An FCC source confirms the FCC's Democratic majority has voted to approve the FCC's quadrennial media ownership review notice of proposed rulemaking (NPRM).
House Communications Subcommittee Chairman Rep. Greg Walden (R-Ore.) had said at an FCC oversight hearing July 12 that he had been told that was the case.
That came in an FCC oversight hearing in his subcommittee.
That item does not loosen or lift duopoly or crossownership rules, though it does add a failing newspaper waiver to newspaper-broadcast crossownership rule. It also revives the FCC's restriction on existing TV joint sales agreements.
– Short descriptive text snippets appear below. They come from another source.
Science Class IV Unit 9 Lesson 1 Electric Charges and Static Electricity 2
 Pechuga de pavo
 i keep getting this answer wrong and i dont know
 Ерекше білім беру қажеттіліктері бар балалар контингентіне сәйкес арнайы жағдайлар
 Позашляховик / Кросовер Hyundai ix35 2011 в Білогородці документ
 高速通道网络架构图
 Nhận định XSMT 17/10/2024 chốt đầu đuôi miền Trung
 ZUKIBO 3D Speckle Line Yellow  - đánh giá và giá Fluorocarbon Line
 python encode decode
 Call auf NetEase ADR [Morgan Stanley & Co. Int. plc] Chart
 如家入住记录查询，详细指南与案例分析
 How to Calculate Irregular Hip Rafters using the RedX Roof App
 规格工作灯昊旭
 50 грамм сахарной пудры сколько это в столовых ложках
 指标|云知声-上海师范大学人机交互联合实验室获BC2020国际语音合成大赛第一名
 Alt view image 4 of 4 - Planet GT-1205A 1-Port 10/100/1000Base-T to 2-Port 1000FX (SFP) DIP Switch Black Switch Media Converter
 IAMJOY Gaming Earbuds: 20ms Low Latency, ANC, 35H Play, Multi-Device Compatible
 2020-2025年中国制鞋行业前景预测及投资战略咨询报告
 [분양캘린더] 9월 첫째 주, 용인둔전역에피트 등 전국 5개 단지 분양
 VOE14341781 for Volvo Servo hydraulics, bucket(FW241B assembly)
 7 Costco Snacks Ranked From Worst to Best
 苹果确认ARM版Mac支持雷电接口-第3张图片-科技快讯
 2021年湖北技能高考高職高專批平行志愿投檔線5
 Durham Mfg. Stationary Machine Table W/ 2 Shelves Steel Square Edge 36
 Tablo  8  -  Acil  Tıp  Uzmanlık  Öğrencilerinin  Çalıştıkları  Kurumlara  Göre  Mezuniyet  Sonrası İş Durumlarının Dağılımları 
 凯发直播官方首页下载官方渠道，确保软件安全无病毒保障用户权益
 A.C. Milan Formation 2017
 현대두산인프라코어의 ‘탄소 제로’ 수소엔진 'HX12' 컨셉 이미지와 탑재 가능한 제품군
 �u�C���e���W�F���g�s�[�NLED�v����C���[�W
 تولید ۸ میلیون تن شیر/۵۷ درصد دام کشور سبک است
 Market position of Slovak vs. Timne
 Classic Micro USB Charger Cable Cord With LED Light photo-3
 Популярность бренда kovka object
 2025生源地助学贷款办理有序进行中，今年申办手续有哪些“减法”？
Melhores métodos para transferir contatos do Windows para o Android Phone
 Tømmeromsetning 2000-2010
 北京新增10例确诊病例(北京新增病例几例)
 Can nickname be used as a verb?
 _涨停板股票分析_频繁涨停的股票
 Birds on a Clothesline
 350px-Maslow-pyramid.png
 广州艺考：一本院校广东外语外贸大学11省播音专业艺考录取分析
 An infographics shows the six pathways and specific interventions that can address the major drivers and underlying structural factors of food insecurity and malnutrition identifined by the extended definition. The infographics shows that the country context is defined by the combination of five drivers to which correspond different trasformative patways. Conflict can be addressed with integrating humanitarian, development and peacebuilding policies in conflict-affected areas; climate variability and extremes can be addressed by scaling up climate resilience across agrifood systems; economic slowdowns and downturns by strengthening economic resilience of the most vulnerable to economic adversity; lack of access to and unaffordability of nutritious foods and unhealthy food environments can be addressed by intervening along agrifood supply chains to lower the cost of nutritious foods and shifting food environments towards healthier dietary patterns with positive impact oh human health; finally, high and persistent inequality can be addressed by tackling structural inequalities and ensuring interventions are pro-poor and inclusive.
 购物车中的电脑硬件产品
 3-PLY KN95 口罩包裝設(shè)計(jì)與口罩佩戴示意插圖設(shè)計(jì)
Walden said he hoped the FCC item had not ignored Congress' "very specific views" to the FCC through the legislative process on JSAs that he hoped were not being ignored, adding: "That would be very disappointing."
Congress has passed legislation that grandfathers JSAs existing before the FCC's March 2014 vote that would otherwise have to have been unwound under the FCC rules and allows those grandfathered JSAs to change hands without having to be unwound.
An FCC spokesperson would not confirm the quadrennial review vote, but at the hearing FCC Commissioner Michael O'Rielly said that the committee would soon enough see what the FCC (majority) had done and that it was "even stronger" than what was on the fact sheet the FCC put out when the item was circulated, saying there were even more "prescriptive" requirements.
The FCC last month circulated its long-overdue quadrennial media ownership rule review. Congress requires the FCC to periodically review its rules to see if they are still in the public interest.
A source confirmed that Republican commissioner Michael O'Rielly has yet to vote the item. Once an item has three votes for approval, the other commissioners have two weeks to vote or it is automatically adopted, though a one-week extension on that is routinely granted.
Given that there is a public meeting this Thursday to which most commissioners' attention will not be turned, and the oversight hearing Tuesday to which their attention has been turned, it could easily be a couple of weeks before the item is final.
FCC Chairman Tom Wheeler also suggested that there was still room for discussion with the minority commissioners, and edits could still be made to the item so long as three commissioners approved them.
For example, if, hypothetically, O'Rielly asked that the radio-newspaper crossownership rule be scrapped and the chairman decided he could live with that, it could become part of the item.